TASK ITEM = Please copy exactly the lines from the one containing "Crystal Black Pearl" to the end of the entries, both included, and nothing else. Omit every picture.

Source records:

..............................

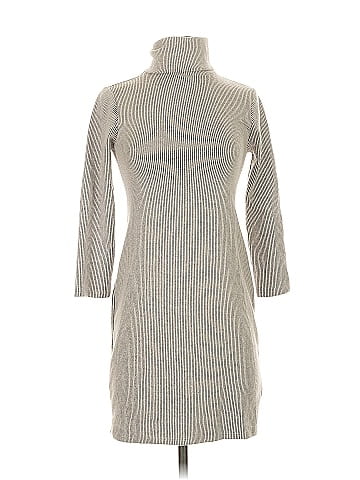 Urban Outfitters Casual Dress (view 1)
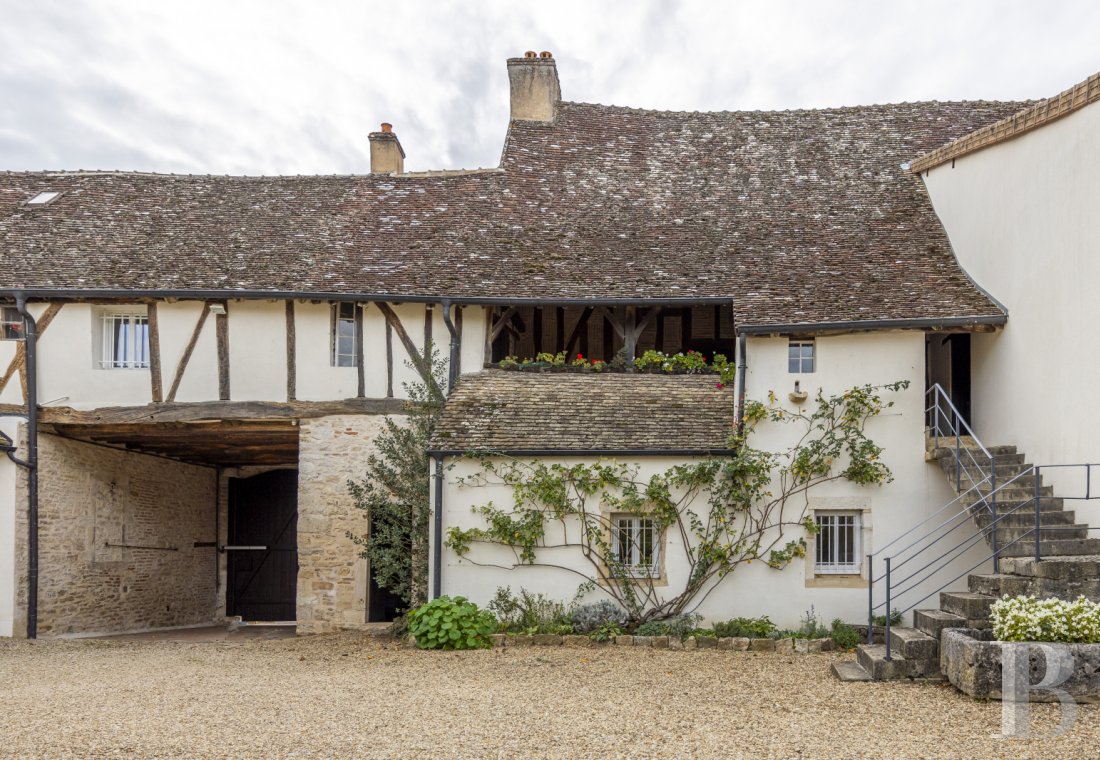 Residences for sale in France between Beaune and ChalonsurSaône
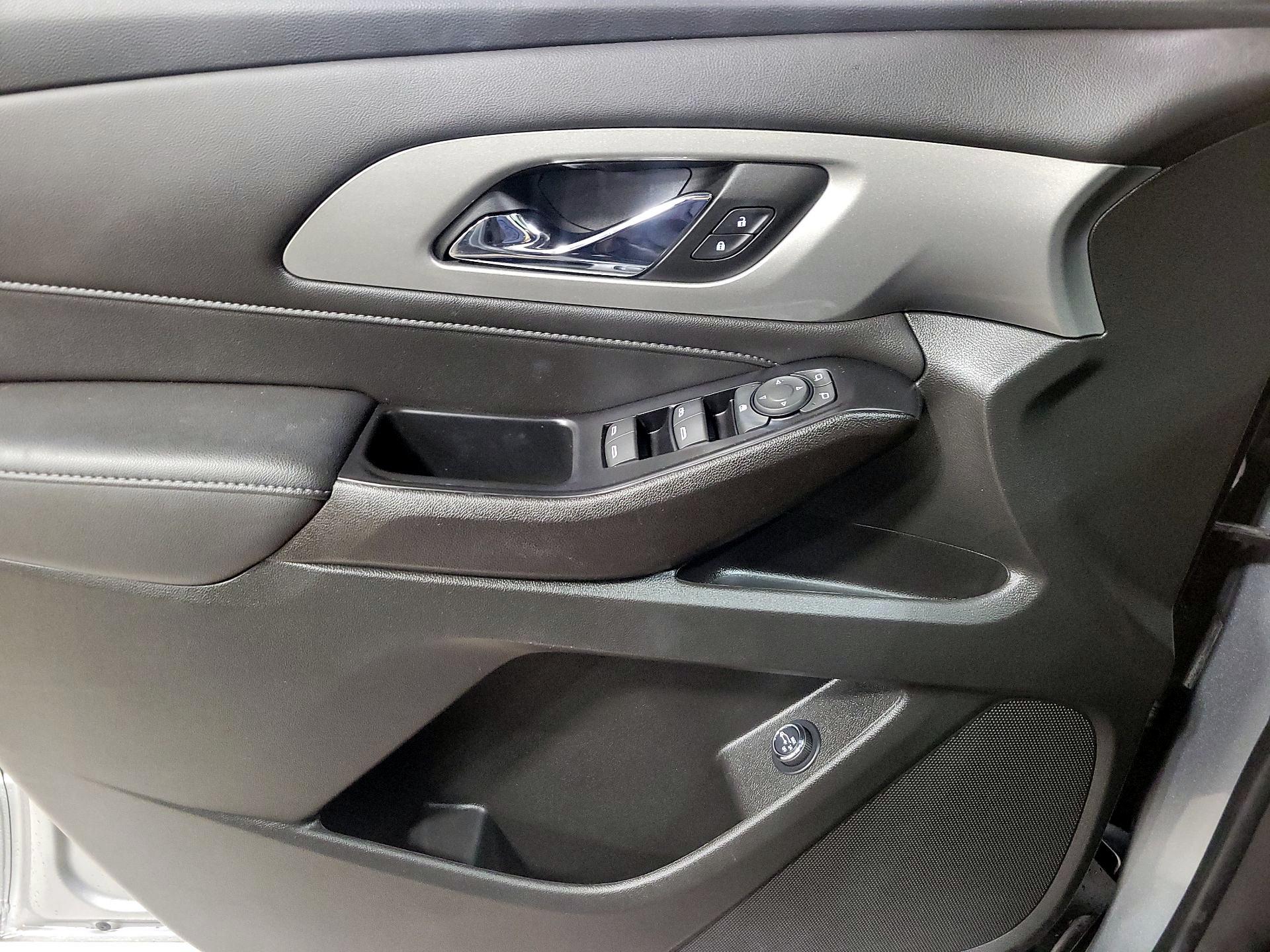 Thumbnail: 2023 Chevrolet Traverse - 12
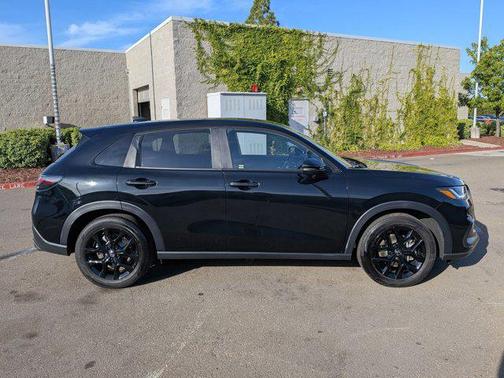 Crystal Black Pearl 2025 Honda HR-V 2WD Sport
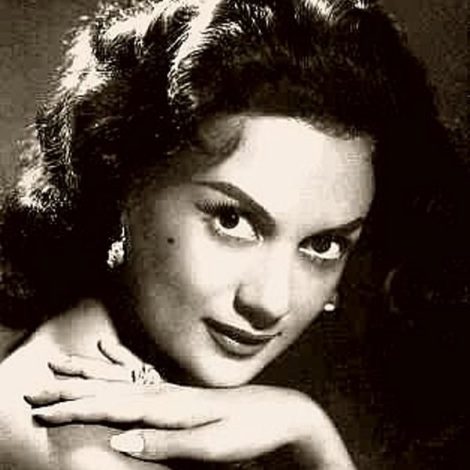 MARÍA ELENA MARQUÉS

..............................

ANSWER SECTION =
 Crystal Black Pearl 2025 Honda HR-V 2WD Sport
 MARÍA ELENA MARQUÉS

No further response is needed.